Dag 15: Canazei (25 km)

Al om 7 uur piept de wekker ons wakker. Vandaag willen we de Piz Boè beklimmen, het hoogste punt van het Sellamassief. Op de fiets beklimmen we weer de Pordoi (2242 m), nu van de westelijke kant. Omdat we een uur vroeger zijn dan gisteren valt het met het verkeer erg mee. Boven de boomgrens is het uitzicht naar het zuiden erg mooi: tussen de Sasso Lungo en de Sellatorens ligt het witte hotel van de Sellapas. In de haarspeldbochten vlak voor de top spotten we een bergmarmot. We parkeren de fietsen onder een afdak en langs een monument voor Fausto Coppi lopen we de bergweide in, op naar het hart van het Sellamassief.

Passo Gardena


De regen van de afgelopen dagen heeft het pad erg modderig gemaakt. Af en toe schrapen we grote klompen van het plakkerige spul van onze schoenen. We zijn blij als het pad op een geven moment overgaat in steengruis. Om ons heen piepen zenuwachtige bergmarmotten. Plotseling zien we de oorzaak van de onrust wegschieten: een vos die blijkbaar wel zin had in een marmotje. Over een steile puinhelling zig-zaggen we langzaam omhoog, de wolken tegemoet. De slingerende weg naar de Pordoi verdwijnt steeds verder in de diepte. Zo’n honderd meter onder de berghut op de Forcella Pordoi verschijnt de eerste sneeuw op het pad. Als we bij de hut (2848 m) wat koekjes eten en een kleine pauze nemen, trekt de bewolking langzaam op. Voordat we verder lopen naar de Piz Boè beklimmen we nog even de Piz Pordoi, die hier voor het grijpen ligt. Een kwartiertje later staan we op de top, waar het eindpunt is van de kabelbaan die uit Canazei komt. We hebben een prachtig uitzicht op de steile kliffen en het Val di Fasso, Canazei ligt 1500 meter lager in het dal.

Piz Boè


Vanaf de hut op de Forcella Pordoi volgen we een vrij vlak en af en toe zelf licht dalend pad in de richting van de Piz Boè. Links van ons liggen de indrukwekkende loodrechte wanden van het Val Lasties. Bij een splitsing slaan we rechts af, in de richting van de berg. Door het papperige laagje sneeuw overbruggen we een soort plateau. Steenmannetjes wijzen ons de weg. Op de wat steilere stukken zijn staalkabels aangebracht, wat niet echt nodig lijkt. De laatste meters van de klim stel ik mijn hoogterecord van de Taillon in de Pyreneeën net iets scherper. In de wolken arriveren we rond 13:00 op de top van de Piz Boè (3152 m).

Val Lasties


Tussen de sneeuwhopen eten we bij de hut op de top het meegebrachte brood op. Door de mist is het uitzicht lang niet zo spectaculair als beloofd. Gelukkig kunnen we tussen de wolken door nog aardig wat van de omgeving herkennen: de Piz Pordoi en de berghut op de Forcella liggen ver onder ons. Het prachtige Val Lasties kunnen we een heel eind volgen. Naar de andere kant ligt zowaar de weg van de Campolongopas. In de richting van de gletsjers van de Marmolada is de bewolking helaas hardnekkiger. Via dezelfde weg dalen we weer af naar de Forcella Pordoi. De afdaling van de puinhelling levert me een extra scheur in de broek op. Op de Pordoipas verruilen we de benenwagen weer voor de fietsen, waarna we ons lekker naar beneden laten rollen.

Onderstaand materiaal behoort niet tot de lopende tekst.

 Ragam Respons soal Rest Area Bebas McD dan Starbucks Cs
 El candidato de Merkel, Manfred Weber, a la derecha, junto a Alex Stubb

Dag 16: Canazei - Misurina (83 km)

Bij het opstaan is het behoorlijk koud. Na het ontbijt breken we de tent af en laden we de fietsen op. Bij de rotonde slaan we dit keer rechtsaf, in de richting van de Fedaiapas. Vanaf deze kant is de Fedaia een heerlijke pas voor het begin van de dag. Door het groene dal van de Avisio met aan beide zijden steil oprijzende bergwanden stijgt de weg beheerst. Bij de haarspeldbochten aangekomen begint de klim het dal uit. Bovenin de pas liggen een aantal korte tunneltjes. Als we uit het duister van de laatste wat langere tunnel weer het licht in fietsen zijn we zo goed als boven. Achter het grote gletsjermeer verrijst de met ijs bedekte hoogste berg van de Dolomieten, de Marmolada.

Fedaia


Langs het meer op de pas is het een paar kilometer vlak. Dan duikt de weg de diepte in. Een waarschuwingsbord meldt 15%! Na het bochtige eerste gedeelte volgen enkele mooi rechte stukken die even steil zijn. Als je ergens richting de 100 zou kunnen gaan is het hier wel! Over het minder steile tweede gedeelte van de afdaling laten we ons rustig richting Caprille rollen. Bij de brug over de rivier hebben we een mooi uitzicht op de loodrechte wand van de Monte Civetta. We slaan wat boodschappen in en gaan op weg naar Selva di Cadore. Tenminste, dat denken we. Helaas blijkt dat de weg verspert is doordat er wat rotsen naar beneden zijn gekomen. We worden dus gedwongen ons routeplan te wijzigen. In plaats van de Passo Giau wordt het nu de Falzarego.

Falzarego


Als we door een aantal bochten boven Caprille uitklimmen vallen af en toe wat druppels. Eenmaal het dal uit verdwijnen de bochten en wordt het minder steil. Kilometers lang is zo’n 4 à 5%. Na alle drukke wegen is deze klim een verademing. Terwijl we een hele serie haarspeldbochten bedwingen komen donkere wolken dichterbij. Links van de weg ligt een mooie kasteelruïne met op de achtergrond een bergkam die lijkt op het gebit van een reuzendinosaurus. Langzaam komen we weer in het hooggebergtelandschap. Het is inmiddels harder beginnen te regenen. Gelukkig schijnt tegelijkertijd de zon. De laatste bochten zijn op een creatieve manier tegen en door de rotswand aangebracht. Als we op de top komen is de bui voorbij. Ook op deze pas is tijdens de Eerste Wereldoorlog hard gevochten. Er is hier zelf een museumpje aan gewijd.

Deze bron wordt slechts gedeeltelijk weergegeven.